*** Listed records ***

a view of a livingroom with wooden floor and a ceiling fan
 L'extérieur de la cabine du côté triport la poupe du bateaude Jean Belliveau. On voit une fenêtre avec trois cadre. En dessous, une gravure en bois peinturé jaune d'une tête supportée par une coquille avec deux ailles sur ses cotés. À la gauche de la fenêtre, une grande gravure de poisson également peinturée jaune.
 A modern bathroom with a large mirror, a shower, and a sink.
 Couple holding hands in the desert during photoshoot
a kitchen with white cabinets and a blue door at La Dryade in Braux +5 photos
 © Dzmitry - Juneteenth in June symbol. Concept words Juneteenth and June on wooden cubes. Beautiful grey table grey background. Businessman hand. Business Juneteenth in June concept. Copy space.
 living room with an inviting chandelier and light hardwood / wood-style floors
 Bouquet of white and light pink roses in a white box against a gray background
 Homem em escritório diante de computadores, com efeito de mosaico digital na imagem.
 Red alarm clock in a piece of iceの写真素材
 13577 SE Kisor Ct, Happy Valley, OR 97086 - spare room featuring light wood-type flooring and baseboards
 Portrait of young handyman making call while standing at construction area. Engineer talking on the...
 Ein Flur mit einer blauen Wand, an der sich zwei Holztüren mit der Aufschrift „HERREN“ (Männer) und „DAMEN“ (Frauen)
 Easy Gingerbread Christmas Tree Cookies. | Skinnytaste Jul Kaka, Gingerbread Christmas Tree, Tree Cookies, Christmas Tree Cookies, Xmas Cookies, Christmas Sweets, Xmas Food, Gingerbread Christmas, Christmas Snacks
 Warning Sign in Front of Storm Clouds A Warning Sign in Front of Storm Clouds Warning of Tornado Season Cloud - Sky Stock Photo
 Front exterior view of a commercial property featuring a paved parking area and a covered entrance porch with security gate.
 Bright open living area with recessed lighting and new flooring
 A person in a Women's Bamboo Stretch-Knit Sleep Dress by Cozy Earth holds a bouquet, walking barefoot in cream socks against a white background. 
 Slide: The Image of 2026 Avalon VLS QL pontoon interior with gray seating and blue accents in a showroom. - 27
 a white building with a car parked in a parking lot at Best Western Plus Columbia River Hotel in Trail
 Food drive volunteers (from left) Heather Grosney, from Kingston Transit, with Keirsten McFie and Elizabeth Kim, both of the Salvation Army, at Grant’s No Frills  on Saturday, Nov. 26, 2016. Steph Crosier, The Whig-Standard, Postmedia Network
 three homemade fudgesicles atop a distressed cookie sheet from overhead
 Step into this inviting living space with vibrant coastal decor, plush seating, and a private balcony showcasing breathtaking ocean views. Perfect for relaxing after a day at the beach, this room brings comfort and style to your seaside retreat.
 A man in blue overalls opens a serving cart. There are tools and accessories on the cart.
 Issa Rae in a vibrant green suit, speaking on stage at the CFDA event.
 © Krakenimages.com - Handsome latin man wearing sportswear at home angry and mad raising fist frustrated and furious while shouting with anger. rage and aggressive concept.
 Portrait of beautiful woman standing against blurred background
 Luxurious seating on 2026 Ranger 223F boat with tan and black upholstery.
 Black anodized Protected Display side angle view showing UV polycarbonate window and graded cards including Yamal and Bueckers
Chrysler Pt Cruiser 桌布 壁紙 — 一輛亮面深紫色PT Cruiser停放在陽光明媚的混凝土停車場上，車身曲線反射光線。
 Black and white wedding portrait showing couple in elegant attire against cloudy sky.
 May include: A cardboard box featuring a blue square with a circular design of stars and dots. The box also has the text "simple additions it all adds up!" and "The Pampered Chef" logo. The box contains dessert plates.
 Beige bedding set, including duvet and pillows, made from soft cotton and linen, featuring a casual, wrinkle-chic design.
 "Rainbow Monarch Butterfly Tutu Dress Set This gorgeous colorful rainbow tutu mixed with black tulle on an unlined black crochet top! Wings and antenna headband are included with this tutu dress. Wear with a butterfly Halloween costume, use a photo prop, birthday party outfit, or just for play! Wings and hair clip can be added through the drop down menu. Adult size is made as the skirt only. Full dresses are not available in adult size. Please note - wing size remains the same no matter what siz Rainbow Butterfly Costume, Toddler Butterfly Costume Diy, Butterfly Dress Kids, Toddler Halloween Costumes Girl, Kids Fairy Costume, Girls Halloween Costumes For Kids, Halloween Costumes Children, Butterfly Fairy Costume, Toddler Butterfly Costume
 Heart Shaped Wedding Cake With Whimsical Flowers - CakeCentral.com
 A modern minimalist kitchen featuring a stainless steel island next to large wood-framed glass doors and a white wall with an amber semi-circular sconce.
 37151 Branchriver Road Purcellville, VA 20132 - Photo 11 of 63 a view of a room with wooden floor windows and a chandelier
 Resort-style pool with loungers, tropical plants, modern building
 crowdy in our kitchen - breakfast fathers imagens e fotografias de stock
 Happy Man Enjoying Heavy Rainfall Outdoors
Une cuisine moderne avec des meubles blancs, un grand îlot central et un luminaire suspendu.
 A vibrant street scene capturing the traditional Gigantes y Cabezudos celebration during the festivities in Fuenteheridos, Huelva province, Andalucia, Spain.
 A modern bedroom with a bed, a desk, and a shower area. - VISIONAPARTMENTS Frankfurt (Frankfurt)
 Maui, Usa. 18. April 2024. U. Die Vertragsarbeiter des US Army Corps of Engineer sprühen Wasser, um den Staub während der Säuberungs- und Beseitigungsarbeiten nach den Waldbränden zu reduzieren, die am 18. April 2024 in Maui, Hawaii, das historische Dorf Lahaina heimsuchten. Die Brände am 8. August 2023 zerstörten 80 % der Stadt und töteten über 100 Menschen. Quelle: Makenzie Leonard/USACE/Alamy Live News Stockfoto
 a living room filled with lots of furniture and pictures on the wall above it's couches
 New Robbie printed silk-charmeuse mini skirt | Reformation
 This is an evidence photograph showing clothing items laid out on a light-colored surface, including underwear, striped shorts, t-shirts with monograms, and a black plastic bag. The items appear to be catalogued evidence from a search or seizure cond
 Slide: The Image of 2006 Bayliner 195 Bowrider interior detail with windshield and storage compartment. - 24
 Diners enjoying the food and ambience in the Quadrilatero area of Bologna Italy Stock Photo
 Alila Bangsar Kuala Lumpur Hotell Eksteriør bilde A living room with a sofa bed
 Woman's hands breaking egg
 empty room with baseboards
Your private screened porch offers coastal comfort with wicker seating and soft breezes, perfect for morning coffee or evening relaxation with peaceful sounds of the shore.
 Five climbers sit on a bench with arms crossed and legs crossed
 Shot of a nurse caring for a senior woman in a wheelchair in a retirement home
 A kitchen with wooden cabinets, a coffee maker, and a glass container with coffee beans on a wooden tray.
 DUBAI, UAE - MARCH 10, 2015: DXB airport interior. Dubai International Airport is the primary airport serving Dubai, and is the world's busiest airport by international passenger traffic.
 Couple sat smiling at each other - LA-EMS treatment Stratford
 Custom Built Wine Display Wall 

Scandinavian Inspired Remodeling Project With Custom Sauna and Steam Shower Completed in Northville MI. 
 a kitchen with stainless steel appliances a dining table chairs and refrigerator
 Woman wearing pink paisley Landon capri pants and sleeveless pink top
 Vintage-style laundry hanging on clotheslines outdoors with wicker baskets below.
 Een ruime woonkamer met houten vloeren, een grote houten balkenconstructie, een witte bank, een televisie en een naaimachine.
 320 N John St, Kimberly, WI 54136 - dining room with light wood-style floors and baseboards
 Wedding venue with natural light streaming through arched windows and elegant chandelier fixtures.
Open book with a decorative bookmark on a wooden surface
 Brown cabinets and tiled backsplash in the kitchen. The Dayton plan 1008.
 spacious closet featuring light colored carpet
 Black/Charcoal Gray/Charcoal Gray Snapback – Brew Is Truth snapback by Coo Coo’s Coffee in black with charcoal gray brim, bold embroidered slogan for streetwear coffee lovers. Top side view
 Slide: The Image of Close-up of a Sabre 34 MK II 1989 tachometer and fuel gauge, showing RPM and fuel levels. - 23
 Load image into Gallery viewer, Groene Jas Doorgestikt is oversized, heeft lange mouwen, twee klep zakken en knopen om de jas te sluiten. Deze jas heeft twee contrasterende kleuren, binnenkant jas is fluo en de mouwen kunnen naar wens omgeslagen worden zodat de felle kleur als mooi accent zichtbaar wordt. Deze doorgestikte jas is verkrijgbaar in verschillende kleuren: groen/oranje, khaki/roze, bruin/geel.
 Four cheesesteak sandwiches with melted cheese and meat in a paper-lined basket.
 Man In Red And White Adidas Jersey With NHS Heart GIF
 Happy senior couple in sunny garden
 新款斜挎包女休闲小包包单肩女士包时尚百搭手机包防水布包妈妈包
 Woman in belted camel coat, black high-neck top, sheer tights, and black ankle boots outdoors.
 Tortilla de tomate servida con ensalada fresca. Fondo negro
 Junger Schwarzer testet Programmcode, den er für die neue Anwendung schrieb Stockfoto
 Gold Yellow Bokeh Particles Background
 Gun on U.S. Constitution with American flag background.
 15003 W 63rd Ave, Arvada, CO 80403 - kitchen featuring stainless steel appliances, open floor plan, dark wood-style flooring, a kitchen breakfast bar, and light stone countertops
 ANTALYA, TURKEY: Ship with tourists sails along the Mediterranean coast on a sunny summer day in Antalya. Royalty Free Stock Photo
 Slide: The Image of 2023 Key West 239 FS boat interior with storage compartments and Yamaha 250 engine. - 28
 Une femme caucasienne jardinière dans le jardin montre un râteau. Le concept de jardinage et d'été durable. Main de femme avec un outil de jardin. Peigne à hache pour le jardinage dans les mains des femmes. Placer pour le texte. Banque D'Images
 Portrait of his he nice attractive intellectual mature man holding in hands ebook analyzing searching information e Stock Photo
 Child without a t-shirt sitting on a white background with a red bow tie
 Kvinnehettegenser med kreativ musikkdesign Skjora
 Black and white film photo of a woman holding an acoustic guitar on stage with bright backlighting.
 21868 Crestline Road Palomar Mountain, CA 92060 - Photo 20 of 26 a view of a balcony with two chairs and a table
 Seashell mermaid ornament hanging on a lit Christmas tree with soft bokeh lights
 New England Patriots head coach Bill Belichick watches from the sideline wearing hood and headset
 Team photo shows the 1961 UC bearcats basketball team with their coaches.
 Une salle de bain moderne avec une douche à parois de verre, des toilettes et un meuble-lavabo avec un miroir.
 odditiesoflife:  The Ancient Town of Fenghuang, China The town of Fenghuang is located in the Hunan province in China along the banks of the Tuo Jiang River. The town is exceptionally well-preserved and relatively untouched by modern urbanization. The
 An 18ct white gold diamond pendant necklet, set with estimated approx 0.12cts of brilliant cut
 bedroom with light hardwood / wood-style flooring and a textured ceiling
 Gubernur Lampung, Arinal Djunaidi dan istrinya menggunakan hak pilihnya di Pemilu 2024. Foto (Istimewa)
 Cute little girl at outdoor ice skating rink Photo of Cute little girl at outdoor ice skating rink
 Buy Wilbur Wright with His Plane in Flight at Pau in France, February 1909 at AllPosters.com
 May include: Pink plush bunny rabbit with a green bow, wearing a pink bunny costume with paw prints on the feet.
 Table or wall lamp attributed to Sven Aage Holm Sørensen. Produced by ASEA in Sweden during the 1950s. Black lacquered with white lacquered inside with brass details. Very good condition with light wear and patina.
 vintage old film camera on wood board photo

*** End of Listed records ***

**What to do**
All lines above with "Christmas" in them should be returned.

**Solution to this task**
 Easy Gingerbread Christmas Tree Cookies. | Skinnytaste Jul Kaka, Gingerbread Christmas Tree, Tree Cookies, Christmas Tree Cookies, Xmas Cookies, Christmas Sweets, Xmas Food, Gingerbread Christmas, Christmas Snacks
 Seashell mermaid ornament hanging on a lit Christmas tree with soft bokeh lights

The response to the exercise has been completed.